**Task directions**
Copy exactly the lines of the data below, beginning with the line with "Used 2011 FREIGHTLINER" and ending with the line with "2nd image of 10523 Montrose Ave APT 1". Pictures are to be omitted.

**Extracted material**
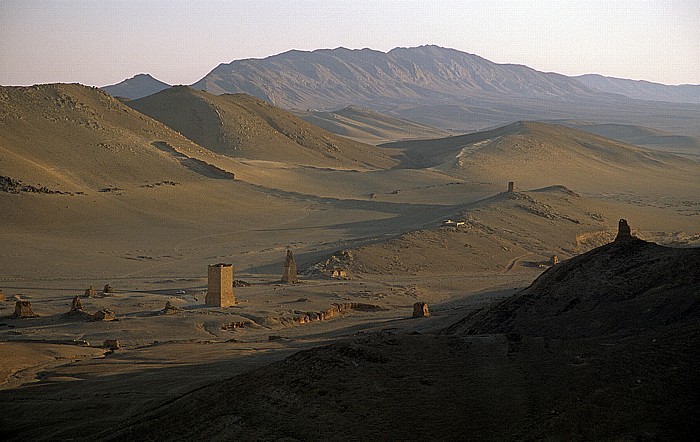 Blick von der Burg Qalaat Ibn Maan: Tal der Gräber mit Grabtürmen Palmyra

* * *

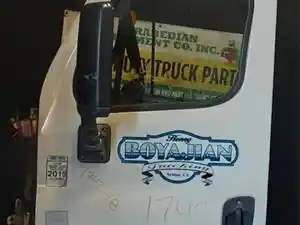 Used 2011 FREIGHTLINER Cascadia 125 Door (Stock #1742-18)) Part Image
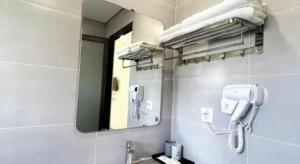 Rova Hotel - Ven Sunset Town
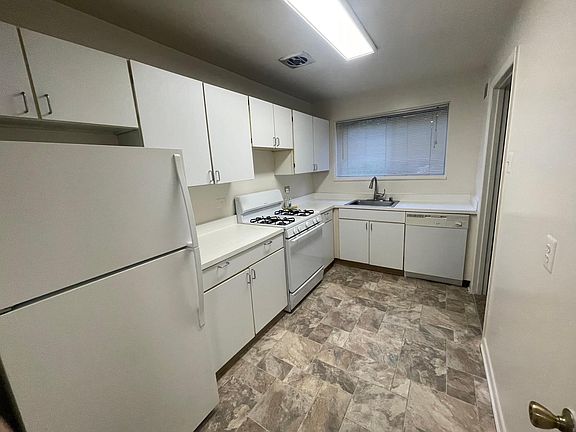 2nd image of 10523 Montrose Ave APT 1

**The completed task**
 Used 2011 FREIGHTLINER Cascadia 125 Door (Stock #1742-18)) Part Image
 Rova Hotel - Ven Sunset Town
 2nd image of 10523 Montrose Ave APT 1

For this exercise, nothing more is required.